I am amazed by this girl.  When most of the kids her age are obsessing over the demise of Lindsay Lohan, or completely absorbed by their little local social circle, or finding ways to waste hundreds of hours on Facebook all summer, this girl wants to try something else.  Can she articulate to others her motivation for traveling more that ¼ of the way around the globe, just to hang out in a little country without the ability to flush toilet paper for two weeks?  It’s no Hawaiian vacation.  What is going on here? 

Maybe, just maybe, it’s what people refer to as “that still, small, voice” , calling her to serve and make a difference.  Even if it seems like a small difference.  Playing games with kids, sharing a laugh, going to church where you cannot understand a word but strangely get what is going on, making a meal, cleaning up.  Little things.  Little things that make a lot of difference.  You will never know how much your just showing up means to the folks where you are going.

But strangely, mysteriously, God’s economy is often not based on grand events, or things that change the world in a day.  His sense of what is important is usually found in the small events of life.  A smile, a hand up, really listening to someone, loving when it’s not easy.
And so, my prayer for this group of teens and leaders:  
God, go with all these great kids and leaders.  Give them a real sense of purpose.  Help them to understand what is going on, even when they have no idea what people are saying around them.  Build solid relationships of trust and service.  Keep them free from mishaps and injuries and funky germs.  But most of all God, give them lots of laughter, because it seems to me that so much of what your Kingdom is about is found in laughter.  We laugh because we know You are there in the laughter, and you love us more than we could ever imagine.  It’s amazing.  And for our girl, give her peace and joy deep inside her soul.  Fill her with enthusiasm, even in times when she would rather be napping.  Fill her heart with laughter.  Amen.

Saturday, July 03, 2010

This 4th, This Land, Our Freedom

Tomorrow will be the 4th of July.  BBQs with friends, flags and bunting, a parade down Main Street.  Bikes festooned with red, white, and blue streamers.  Fireworks just after dusk.

But there is so much more going on here - and it really takes place in the ordinary of everyday.  Its the making of freedom, the slow forging of liberty.  Its the way we live our lives.  We get up, get dressed, go to work, care for the elderly and the less fortunate, and in the process, we make, hopefully, something good.

Today I came across a piece by my favorite columnist, Peggy Noonan, and it talks about words that were edited out of the Declaration of Independence: 

And so were the words that came next.
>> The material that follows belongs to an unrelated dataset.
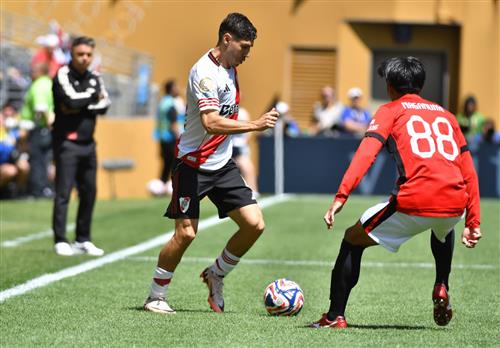 Ривер Плейт vs Урава Редс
But they should not have been, for they are the tenderest words. 

Poignantly, with a plaintive sound, Jefferson addresses and gives voice to the human pain of parting: "We might have been a free and great people together."
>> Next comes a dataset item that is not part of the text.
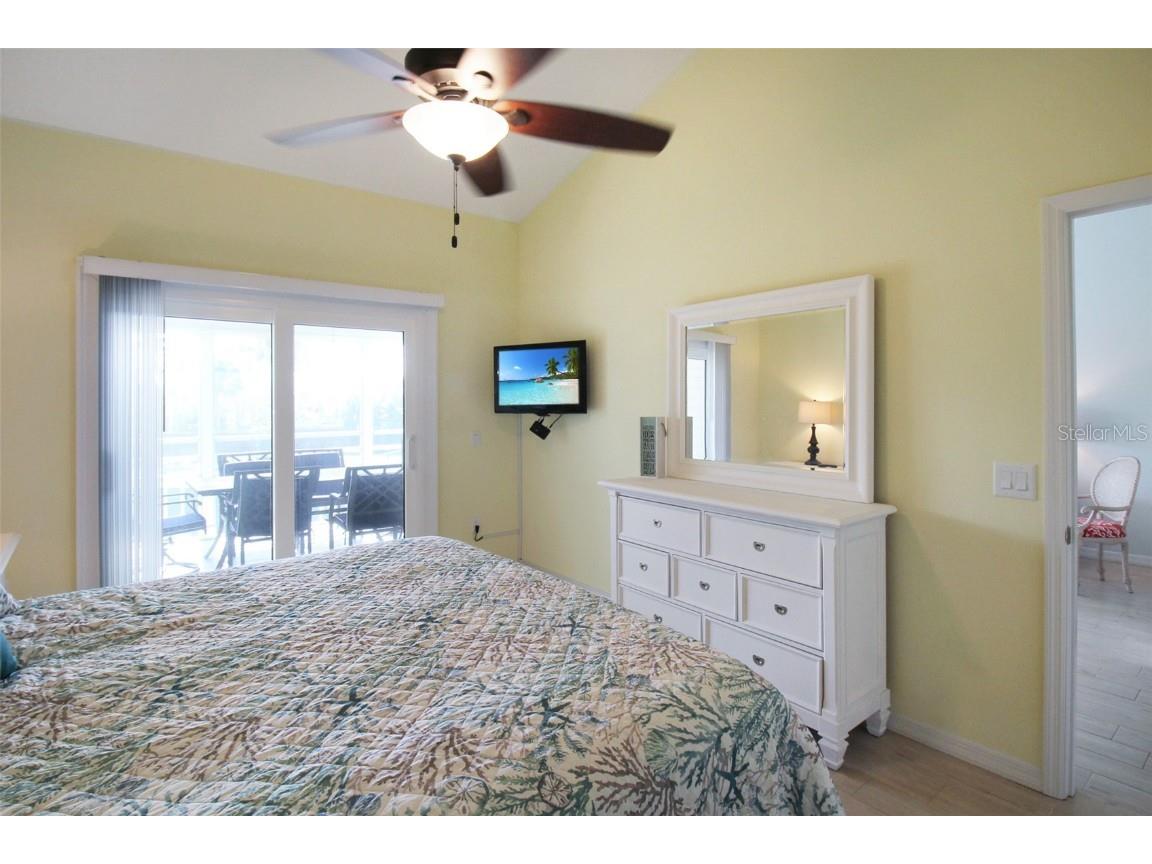 1206 Siesta Bayside Drive #1206B Sarasota FL 34242 A4648978 image29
What loss there is in those words, what humanity, and what realism, too.

"To write is to think, and to write well is to think well," David McCullough once said in conversation. Jefferson was thinking of the abrupt end of old ties, of self-defining ties, and, I suspect, that the pain of this had to be acknowledged. It is one thing to declare the case for freedom, and to make a fiery denunciation of abusive, autocratic and high-handed governance. But it is another thing, and an equally important one, to acknowledge the human implications of the break. These were our friends, our old relations; we were leaving them, ending the particular facts of our long relationship forever. We would feel it. Seventeen seventy-six was the beginning of a dream. But it was the end of one too. "We might have been a free and great people together."
 A free and great people. And interestingly enough, all these years later, Britain and the US are again "a free and great people together" in so many ways.

This 4th I am thankful for my country.  But more than that, I am thankful for those men and women, now stretching back more than 234 years, who have lived and died and sacrificed to make this land one of the best places to live on the planet. 

May we not waste this legacy and heritage.  May we use it wisely in future years to bless this planet.